Pois bem, a palavra introjeção significa uma aceitação mental e emocional de alguma dificuldade ou limite apresentado pelo ambiente. Isso ocorre durante toda a vida mas, principalmente durante o processo educacional. Neste caso a ansiedade amadureceu rumo ao sentimento de culpa, que irá se instalar na essência da intenção criminosa, antes da realização do crime em si.
Isso é muito diferente de imposição! Quando algo é imposto e inculcado, a essência verdadeira do indivíduo não se modificou! Isso pelo simples fato de não ter ocorrido a aceitação mental e emocional, ingredientes fundamentais para que o controle dos instintos possa ocorrer de dentro para fora e, de forma verdadeira. A situação contrária onde os instintos são controlados de fora para dentro, se assemelha mais a um ambiente autoritário e ditador, onde o medo de ser descoberto é o único responsável pelo mínimo convívio social existente. Basta uma pequena distração do controle externo para que o caos se estabeleça. Não somos capazes de aceitar mentalmente e emocionalmente, nada que nos seja imposto e enfiado goela abaixo. Principalmente fatos e limites que discordamos ou não aceitamos, mesmo que sejam ridiculamente coerentes e pertinentes. Em outras palavras, a incapacidade em ter limites e moralidade do adulto, provavelmente esteja relacionada com a sua impossibilidade enquanto criança, em ter desfrutado de um ambiente que lhe proporcionasse o tempo necessário para que essa difícil digestão ocorresse. Certamente existem limites para que a culpa se expresse e, há uma psicopatologia do sentimento de culpa, que pretendo abordar em uma próxima publicação. Mas a capacidade de sentir culpa mesmo quando inconsciente e aparentemente irracional, implica um certo grau de crescimento emocional, normalidade psíquica, e esperança.  

sexta-feira, 9 de dezembro de 2011

O sentimento de culpa

No senso comum o sentimento de culpa é normalmente atribuído e relacionado ao ensinamento religioso e moral. Nessa perspectiva não fazer o mal para o "outro", passa por garantir perante os olhos do "criador" o exemplo de um bom comportamento e, talvez a garantia da "conquista de algum bônus" para o "dia do julgamento final". Sem dúvida nenhuma essa forma de pensar e sentir produz resultados sociais, que a sua maneira garantem o convívio social e um certo respeito aos limites e fronteiras entre o indivíduo e seus "semelhantes". Aqueles que sustentam esse ponto de vista acreditam que a moralidade precisa ser inculcada desde muito cedo e ensinam as crianças pequenas de acordo com essa idéia.

Para a psicanálise as fundações do sentimento de culpa estão fixadas no crescimento emocional do indivíduo e na sua capacidade em conviver socialmente, dentro de uma certa harmonia entre o "eu" e o "tu". As influências culturais são sem dúvida muito importantes e variam de lugar para lugar.
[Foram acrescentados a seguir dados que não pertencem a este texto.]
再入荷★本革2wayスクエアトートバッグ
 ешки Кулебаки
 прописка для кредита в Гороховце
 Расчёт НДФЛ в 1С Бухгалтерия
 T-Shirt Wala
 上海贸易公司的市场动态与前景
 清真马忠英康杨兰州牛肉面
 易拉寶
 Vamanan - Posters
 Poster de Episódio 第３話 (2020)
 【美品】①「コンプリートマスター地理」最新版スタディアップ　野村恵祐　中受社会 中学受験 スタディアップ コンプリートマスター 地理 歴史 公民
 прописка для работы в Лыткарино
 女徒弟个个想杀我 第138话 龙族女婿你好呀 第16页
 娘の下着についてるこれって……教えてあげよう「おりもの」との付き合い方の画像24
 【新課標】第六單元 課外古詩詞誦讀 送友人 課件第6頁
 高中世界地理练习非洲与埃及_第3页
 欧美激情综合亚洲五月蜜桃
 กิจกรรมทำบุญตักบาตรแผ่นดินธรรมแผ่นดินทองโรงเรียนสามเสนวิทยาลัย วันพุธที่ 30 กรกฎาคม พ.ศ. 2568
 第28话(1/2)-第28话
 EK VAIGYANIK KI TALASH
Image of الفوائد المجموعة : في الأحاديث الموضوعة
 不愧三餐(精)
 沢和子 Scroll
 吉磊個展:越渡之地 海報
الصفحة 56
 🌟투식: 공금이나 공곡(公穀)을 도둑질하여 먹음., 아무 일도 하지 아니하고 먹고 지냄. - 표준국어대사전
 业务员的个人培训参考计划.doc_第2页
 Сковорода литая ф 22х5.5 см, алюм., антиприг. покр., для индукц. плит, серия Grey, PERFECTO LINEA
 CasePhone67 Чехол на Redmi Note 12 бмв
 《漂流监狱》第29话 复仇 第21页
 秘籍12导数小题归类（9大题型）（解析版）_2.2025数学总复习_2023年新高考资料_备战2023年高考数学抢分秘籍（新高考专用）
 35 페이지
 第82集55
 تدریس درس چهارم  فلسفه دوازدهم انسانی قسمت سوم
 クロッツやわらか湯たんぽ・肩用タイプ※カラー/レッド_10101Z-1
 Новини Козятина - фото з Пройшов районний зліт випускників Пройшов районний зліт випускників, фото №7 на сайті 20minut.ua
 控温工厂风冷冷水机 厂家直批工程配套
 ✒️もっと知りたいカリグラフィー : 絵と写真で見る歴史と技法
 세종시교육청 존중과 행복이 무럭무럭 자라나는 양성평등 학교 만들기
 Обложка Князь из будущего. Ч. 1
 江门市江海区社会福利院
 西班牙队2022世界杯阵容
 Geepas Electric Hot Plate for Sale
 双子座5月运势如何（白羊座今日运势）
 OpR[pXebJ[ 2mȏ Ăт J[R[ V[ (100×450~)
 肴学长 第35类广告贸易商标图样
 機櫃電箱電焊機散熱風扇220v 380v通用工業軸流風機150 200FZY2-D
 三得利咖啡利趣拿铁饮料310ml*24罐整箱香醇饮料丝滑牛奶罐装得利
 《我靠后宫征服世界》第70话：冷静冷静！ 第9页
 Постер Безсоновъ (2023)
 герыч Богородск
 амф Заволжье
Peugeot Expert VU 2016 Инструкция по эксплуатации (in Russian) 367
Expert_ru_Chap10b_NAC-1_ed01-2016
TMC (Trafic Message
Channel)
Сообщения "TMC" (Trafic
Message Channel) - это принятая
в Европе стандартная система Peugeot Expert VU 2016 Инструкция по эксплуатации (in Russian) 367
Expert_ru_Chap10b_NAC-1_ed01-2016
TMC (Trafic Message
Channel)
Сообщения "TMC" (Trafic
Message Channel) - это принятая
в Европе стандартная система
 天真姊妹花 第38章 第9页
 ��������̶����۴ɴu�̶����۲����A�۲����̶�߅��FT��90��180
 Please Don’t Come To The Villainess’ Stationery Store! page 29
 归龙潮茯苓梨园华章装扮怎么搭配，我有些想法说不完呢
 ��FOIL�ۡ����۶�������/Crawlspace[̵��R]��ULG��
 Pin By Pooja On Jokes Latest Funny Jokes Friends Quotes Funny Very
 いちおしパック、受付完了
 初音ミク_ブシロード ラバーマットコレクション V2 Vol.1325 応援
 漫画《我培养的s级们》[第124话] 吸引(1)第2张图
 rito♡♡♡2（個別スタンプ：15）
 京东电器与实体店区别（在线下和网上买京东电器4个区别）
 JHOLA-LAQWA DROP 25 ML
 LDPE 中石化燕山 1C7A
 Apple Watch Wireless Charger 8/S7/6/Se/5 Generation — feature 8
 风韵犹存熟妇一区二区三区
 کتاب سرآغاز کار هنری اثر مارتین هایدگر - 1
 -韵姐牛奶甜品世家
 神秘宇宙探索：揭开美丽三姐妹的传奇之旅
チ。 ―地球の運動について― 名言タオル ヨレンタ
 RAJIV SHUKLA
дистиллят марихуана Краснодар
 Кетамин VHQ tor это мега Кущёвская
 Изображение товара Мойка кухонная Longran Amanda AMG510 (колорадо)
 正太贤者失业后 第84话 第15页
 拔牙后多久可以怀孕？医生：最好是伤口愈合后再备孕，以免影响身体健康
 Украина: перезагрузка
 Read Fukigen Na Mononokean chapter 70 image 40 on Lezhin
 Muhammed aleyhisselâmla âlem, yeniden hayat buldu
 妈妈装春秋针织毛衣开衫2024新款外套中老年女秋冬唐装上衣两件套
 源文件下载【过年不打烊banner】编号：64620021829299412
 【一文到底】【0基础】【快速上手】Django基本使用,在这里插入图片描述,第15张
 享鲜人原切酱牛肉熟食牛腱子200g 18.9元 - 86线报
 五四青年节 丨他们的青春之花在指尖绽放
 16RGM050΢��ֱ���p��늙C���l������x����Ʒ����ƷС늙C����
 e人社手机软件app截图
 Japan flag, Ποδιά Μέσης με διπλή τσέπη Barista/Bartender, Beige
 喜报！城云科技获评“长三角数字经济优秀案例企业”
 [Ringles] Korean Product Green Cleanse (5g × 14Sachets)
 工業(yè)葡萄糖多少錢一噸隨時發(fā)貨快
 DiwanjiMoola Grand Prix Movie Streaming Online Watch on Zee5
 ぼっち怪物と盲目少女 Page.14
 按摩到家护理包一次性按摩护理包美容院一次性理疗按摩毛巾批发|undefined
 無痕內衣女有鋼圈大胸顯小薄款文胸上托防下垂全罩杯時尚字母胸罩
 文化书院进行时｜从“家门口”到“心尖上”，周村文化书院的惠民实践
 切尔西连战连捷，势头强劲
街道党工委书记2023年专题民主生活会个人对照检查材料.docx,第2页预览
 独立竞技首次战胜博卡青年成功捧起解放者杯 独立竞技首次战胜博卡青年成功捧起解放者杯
Podemos verificar essa informação através das diversas variações de comportamentos, existentes entre povos e famílias de culturas diferentes.
Diferentemente da visão moralista e religiosa, podemos dizer que através de uma perspectiva "evolucionista" a capacidade de se sentir culpado é uma conquista pessoal e uma das garantias que a espécie humana necessita para sobreviver e perdurar. Se não houver respeito mútuo, a espécie humana poderá correr um sério risco de sobrevivência. E como em todo processo de amadurecimento, a moralidade também precisa se desenvolver naturalmente e de modo pessoal. Cabe ao ambiente facilitar e proporcionar os meios necessários para que isso ocorra.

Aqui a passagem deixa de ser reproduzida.